Putting the Pieces Together: Trauma and Dissociation by Janina Fisher
The therapeutic challenges of trauma treatment are frequently reflections of dissociative symptoms and fragmentation, including problems with memory, impulsivity, shutting down or “going away,” paradoxical responses to therapy, self-destructive behavior, and self-sabotage. Because we tend to equate dissociation only with dissociative disorders, we may not be aware of subtle dissociative processes at work, especially in high-functioning individuals.
Join internationally renowned trauma expert Janina Fisher, Ph.D. as she will introduce you to a neurobiological model that conceptualizes dissociation as an adaptive mind-body response to abuse, neglect, and attachment failure—all precursors to borderline and other personality disorders, complex PTSD, and dissociative disorder clients. The treatment paradigm integrates traditional talking therapy methods with Sensorimotor Psychotherapy, Internal Family Systems, ego state therapy, and mindfulness-based techniques to create a simple but effective treatment paradigm for working with our most challenging, complex clients whatever their diagnosis.
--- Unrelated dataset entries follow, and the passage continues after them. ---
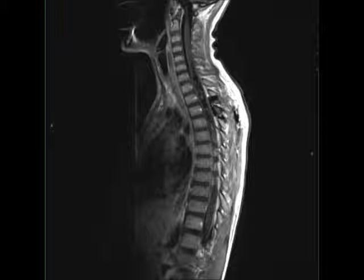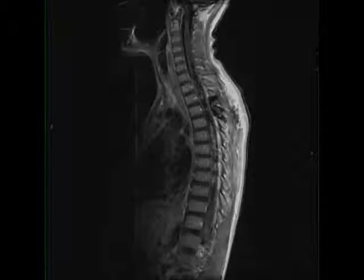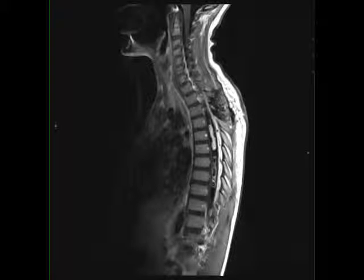This was a case of cord ependymoma. Intramedullary spinal cord ependymomas are rare, accounting for only 4% to 10% of CNS neoplasms. Spinal cord ependymomas are more common in adults, while astrocytomas are more common in children.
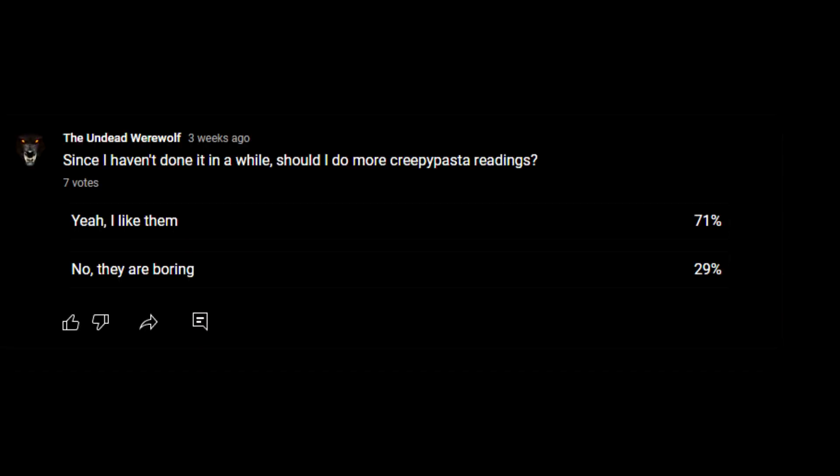Hello everyone and welcome back to another creepypasta reading. It's been definitely a long time since I've done one of these. I don't even recall the last time I did one, but you guys still seem to like them because I think the Sonic.exe one I did a few years ago is probably like my 10th most popular or something like that.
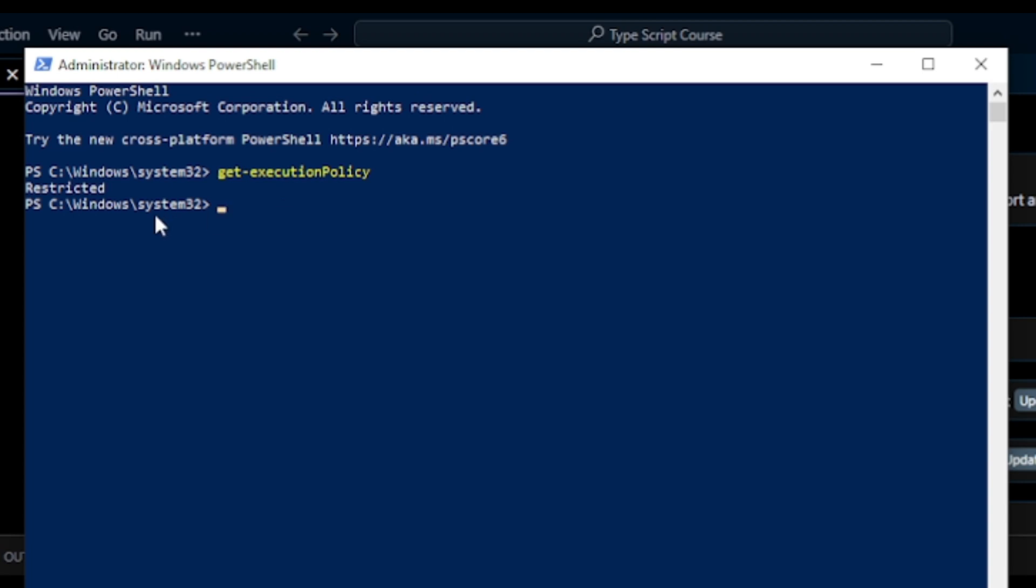So now I change this policy to unrestricted. Okay, so for that, what I can do: here I write set-executionpolicy and then here I write unrestricted.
An understanding of dissociative phenomena and the use of this new approach can effectively engage even our most resistant, overwhelmed, numb, or embattled clients.
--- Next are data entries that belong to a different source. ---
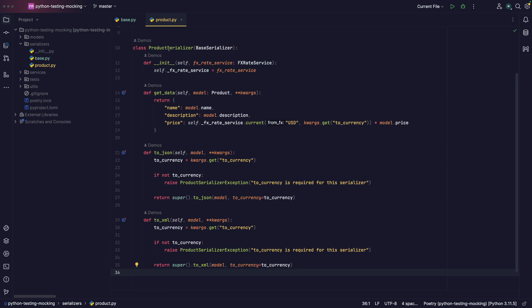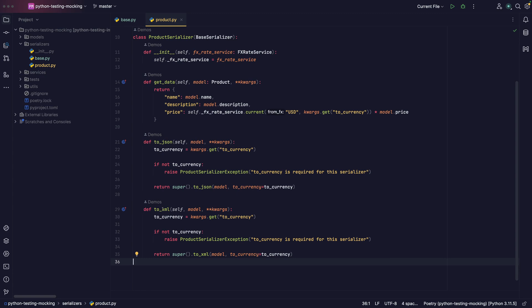If we go to the product, we have a product serializer that extends the base serializer. This product serializer does a special thing — it gets an FX rate service and essentially converts the price of the product based on the currency you give it. It uses the FX rate service to get a current exchange rate from USD to the currency you're providing. So you'd call to_json or to_xml and pass a to_currency keyword with the currency you want to convert to. This simulates a store that has products and you want to convert the price based on the currency of your user.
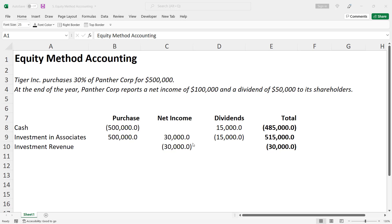Tiger records the net income from Panther as an increase to its investment account. It receives dividends of $15,000, which is 30% of $50,000, and records a reduction in the investment account.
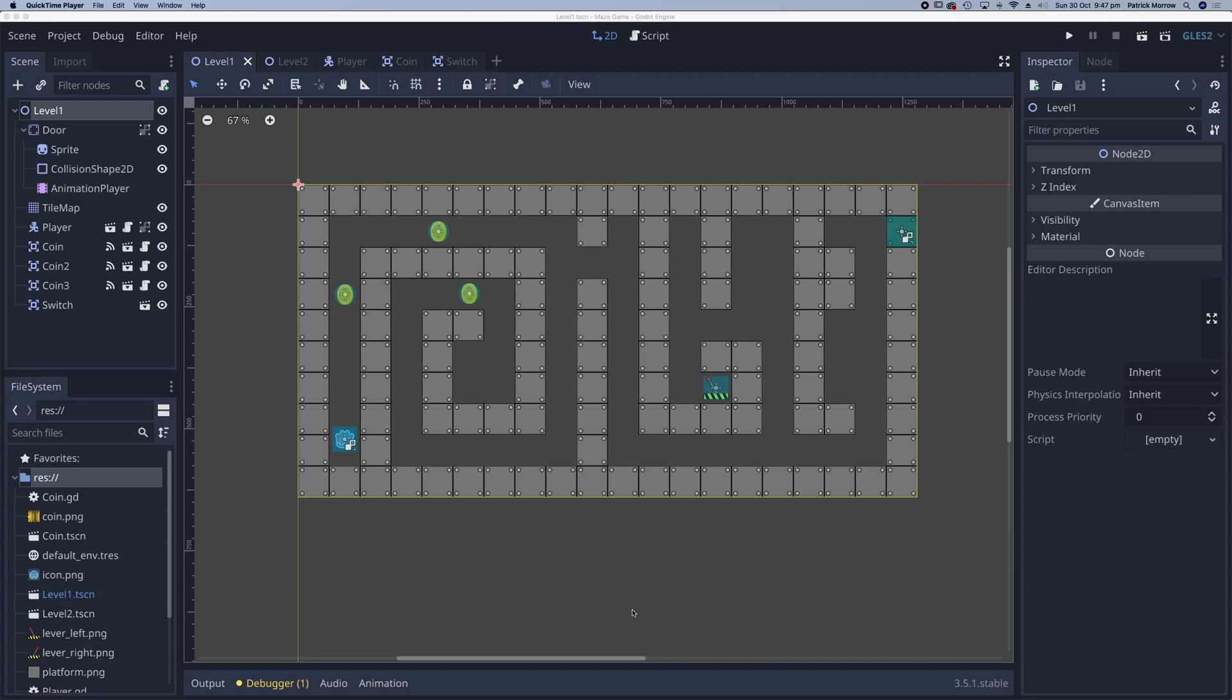So we have our switch created, we've got the animated door, the last thing we need to do is to connect the two of them together.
Introduction to Structural Dissociation Model
- Compartmentalization and the brain
- Animal defense survival responses
- Applications to trauma-related disorders
Implications of the Model for Treatment
- Ability to work with internal struggles and conflicts
- Making sense of paradoxical behavior/symptoms
- Capitalizing on the brain and body to decrease self-destructive behavior
Clinical interventions for stabilizing dissociative symptoms.
- Mindfulness-based techniques that address dissociative symptoms
- Re-organizing the relationship to dissociated parts
- Cultivating wise mind and compassionate internal relationships
More information about Medical:
Medicine is the science and practice of establishing the diagnosis, prognosis, treatment, and prevention of disease.
Medicine encompasses a variety of health care practices evolved to maintain and restore health by the prevention and treatment of illness.
Contemporary medicine applies biomedical sciences, biomedical research, genetics, and medical technology to diagnose, treat, and prevent injury and disease,
typically through pharmaceuticals or surgery, but also through therapies as diverse as psychotherapy, external splints and traction, medical devices, biologics, and ionizing radiation, amongst others.
Medicine has been around for thousands of years, during most of which it was an art (an area of skill and knowledge) frequently having connections to the religious and
philosophical beliefs of local culture. For example, a medicine man would apply herbs and say prayers for healing, or an ancient philosopher and physician would apply bloodletting according to the theories of humorism.
In recent centuries, since the advent of modern science, most medicine has become a combination of art and science (both basic and applied, under the umbrella of medical science).
While stitching technique for sutures is an art learned through practice, the knowledge of what happens at the cellular and molecular level in the tissues being stitched arises through science.